Re: [hebrew] Re: Aramaic unification and information retrieval

From: Jungshik Shin (jshin@mailaps.org)
Date: Thu Dec 25 2003 - 04:46:16 EST

  • Next message: Philippe Verdy: "Re: Aramaic unification and information retrieval"

    On Thu, 25 Dec 2003, Philippe Verdy wrote:

    > "Michael Everson" <everson@evertype.com>
    > > We have encoded 70,000 of them.
    >
    > All depends on the way you define characters. Most ideographs are composed,
    > but Unicode and the CJK unification working groups have failed for now to
    > define a coherent definition of how these characters really compose, so we

      Is there a well-defined set of components that can unambiguously
    compose 'up' all Chinese characters that can be agreed upon by all
    interested people (or at least national standard bodies)?

    > are still assisting to an always exploding number of compound ideographs,
    > created everyday by Han users.
    >
    > If Latin characters were counted the way Han is, we would probably reach
    > similar (may be even more) composed "characters". It's just infortunate that
    > Han lacks a way to describe its composition model

      You're trying to bridge the enormous gulf between alphabetic scripts
    like Latin, Greek, Cyrillic on the one hand and 'isolating' (it's my own
    word) script like Chinese.
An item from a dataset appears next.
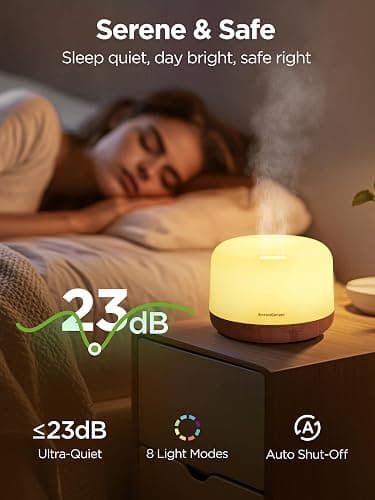 InnoGear Aromatherapy Diffuser & 10 Essential Oils Set, 500ml Essential Oil Diffuser with Remote Control Ultrasonic Cool Mist Scent Humidifier Vaporizer Auto-Off Timer for Room Office Home, Yellow thumbnail 6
It's true that Chinese characters have some
    'phonetic' characteristics, but one of important things to consider is
    how Chinese characters have been perceived by their users.

     It might be helpful to 'decompose' / 'disassemble' Chinese characters
    into smaller components when you design fonts (Bitstream or some other
    foundries tried this and somebody at Stanford also had a web page on
    this), but I don't think there's anything fundamentally wrong with the
    current 'encoding' model of Chinese characters in Unicode/10646.

    > (it used to be the case too for the Hangul Alphabet,

      When was that the case? It never was.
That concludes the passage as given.